Task item: Print the whole listing below exactly, skipping every picture.

Data block:
◆ ◆ ◆ ◆
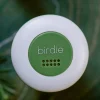 She's Birdie Birdie Disc - Forest^ Travel Accessories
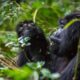 Best Region To Trek Mountain Gorillas - Luxury Uganda Gorilla Safaris from Kigali-Rwanda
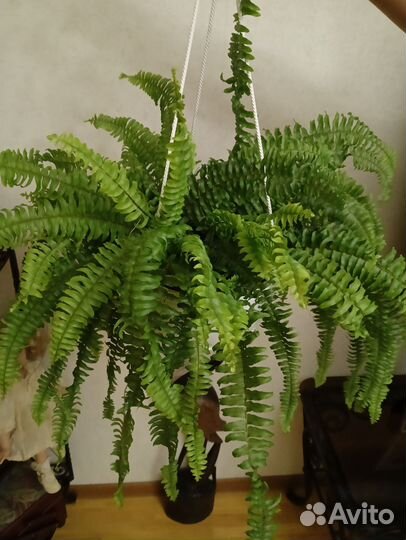 Папоротник (нефролепис)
◆ ◆ ◆ ◆
Written solution:
 She's Birdie Birdie Disc - Forest^ Travel Accessories
 Best Region To Trek Mountain Gorillas - Luxury Uganda Gorilla Safaris from Kigali-Rwanda
 Папоротник (нефролепис)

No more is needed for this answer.